[Source data]
▬▬▬▬▬▬

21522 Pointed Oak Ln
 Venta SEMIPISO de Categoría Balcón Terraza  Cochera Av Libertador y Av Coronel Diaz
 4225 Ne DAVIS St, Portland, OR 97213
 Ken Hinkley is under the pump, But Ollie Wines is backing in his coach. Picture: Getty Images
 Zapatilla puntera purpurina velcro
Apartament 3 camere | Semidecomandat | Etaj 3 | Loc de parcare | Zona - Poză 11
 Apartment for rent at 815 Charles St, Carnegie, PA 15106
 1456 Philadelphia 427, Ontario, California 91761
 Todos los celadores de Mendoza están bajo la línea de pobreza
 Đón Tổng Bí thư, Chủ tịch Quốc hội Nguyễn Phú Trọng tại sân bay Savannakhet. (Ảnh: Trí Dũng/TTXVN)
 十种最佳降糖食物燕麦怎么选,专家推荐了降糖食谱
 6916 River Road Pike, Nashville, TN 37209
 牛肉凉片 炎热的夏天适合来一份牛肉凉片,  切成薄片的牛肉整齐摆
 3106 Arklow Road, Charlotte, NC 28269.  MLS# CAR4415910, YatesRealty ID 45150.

▬▬▬▬▬▬

> _Required work_
In the records above, locate the lines holding the word "Road". Copy each of them.

> _Exercise answer_
 6916 River Road Pike, Nashville, TN 37209
 3106 Arklow Road, Charlotte, NC 28269.  MLS# CAR4415910, YatesRealty ID 45150.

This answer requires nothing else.